:: DESCRIPTION OF THE TASK ::
Leaving out all pictures, write out word for word the lines from the one containing "Quilted Bedspread Set" to the end of the data below.

:: SOURCE MATERIAL ::
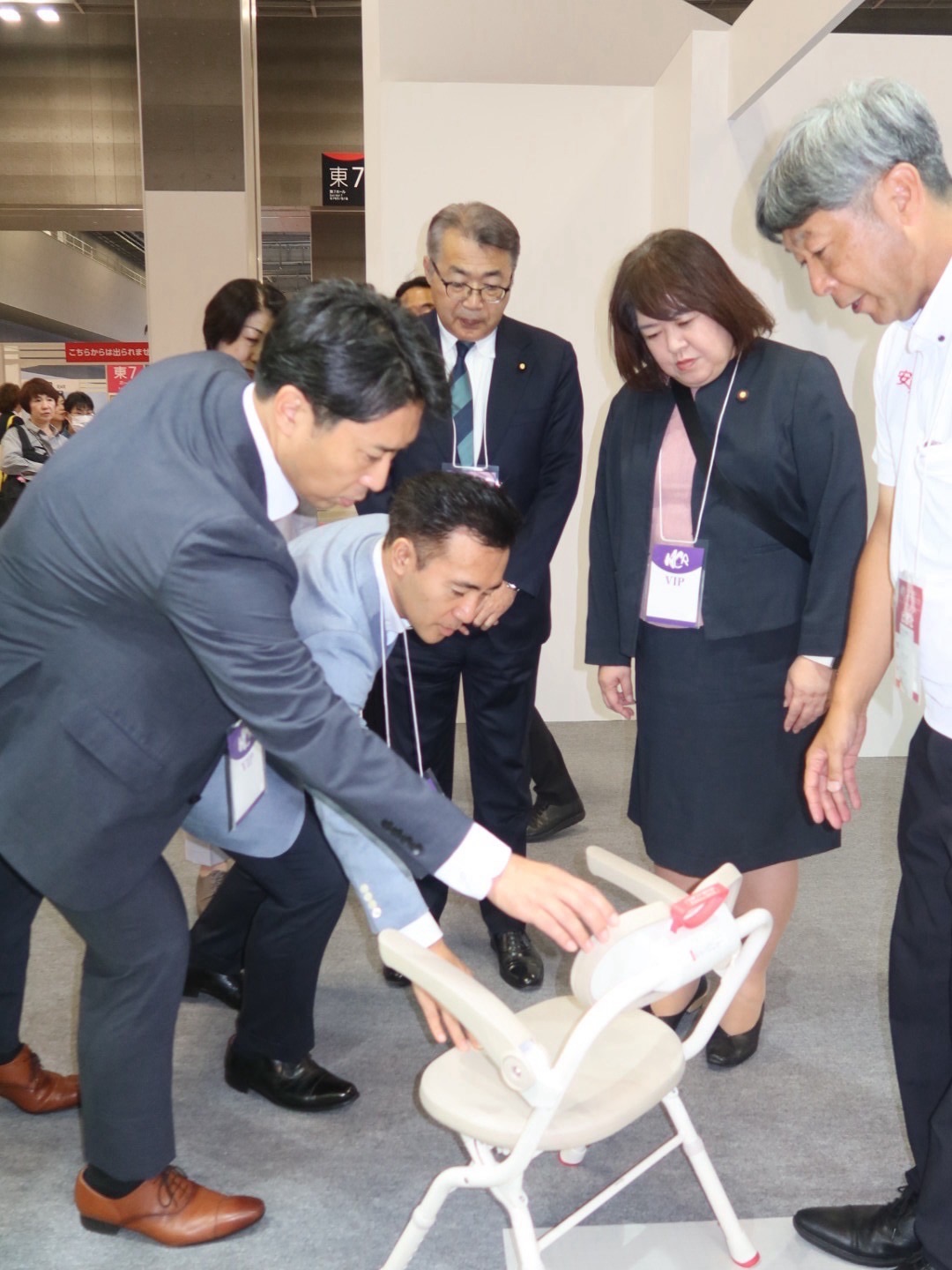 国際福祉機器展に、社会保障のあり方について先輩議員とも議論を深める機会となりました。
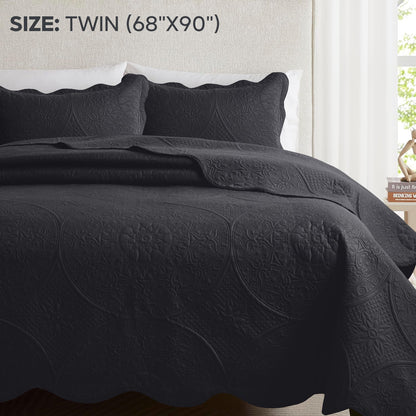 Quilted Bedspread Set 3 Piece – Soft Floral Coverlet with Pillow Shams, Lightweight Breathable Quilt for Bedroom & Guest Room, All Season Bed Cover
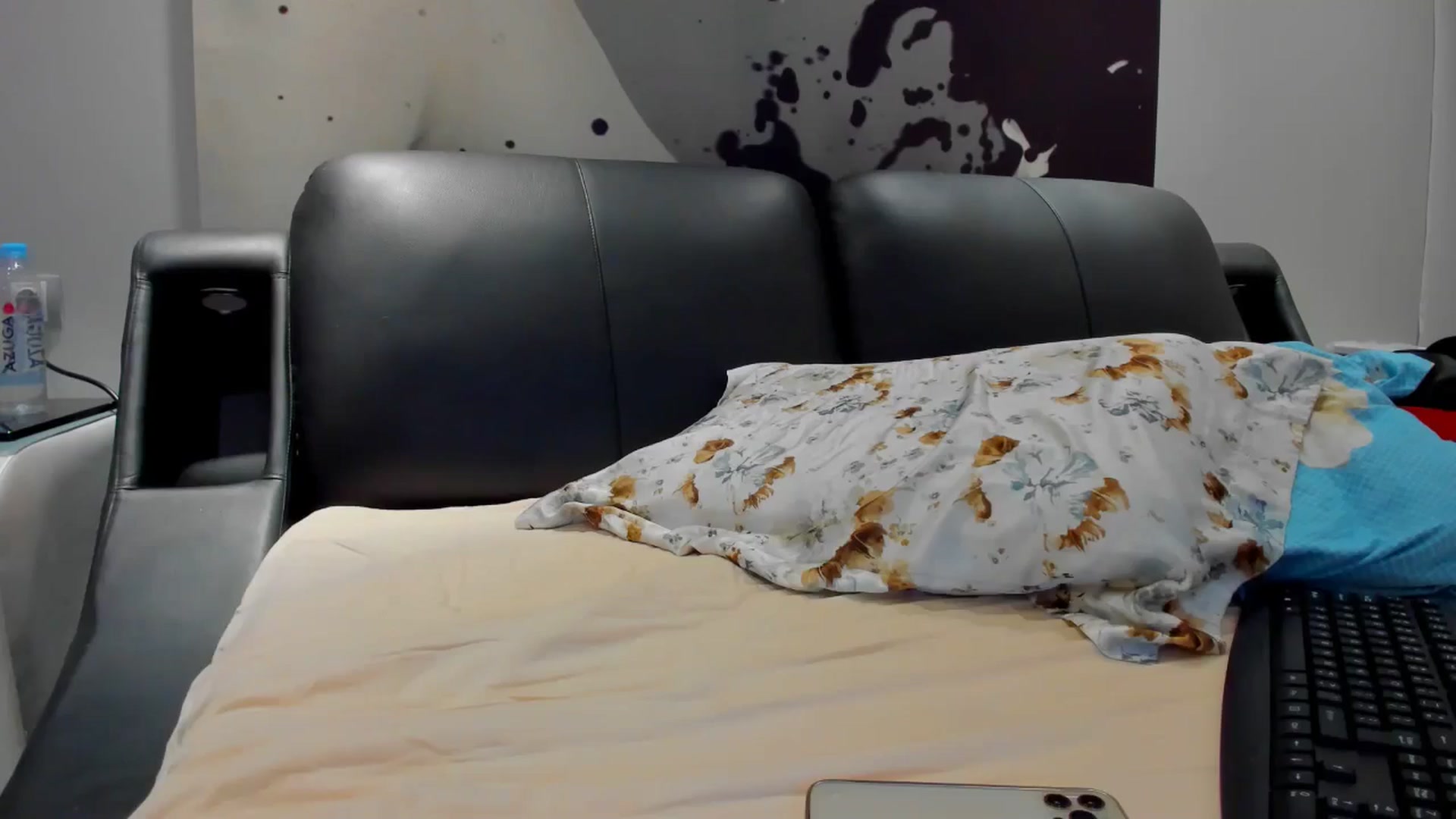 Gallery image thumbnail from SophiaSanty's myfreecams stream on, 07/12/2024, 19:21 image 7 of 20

:: ANSWER TO THIS TASK ::
 Quilted Bedspread Set 3 Piece – Soft Floral Coverlet with Pillow Shams, Lightweight Breathable Quilt for Bedroom & Guest Room, All Season Bed Cover
 Gallery image thumbnail from SophiaSanty's myfreecams stream on, 07/12/2024, 19:21 image 7 of 20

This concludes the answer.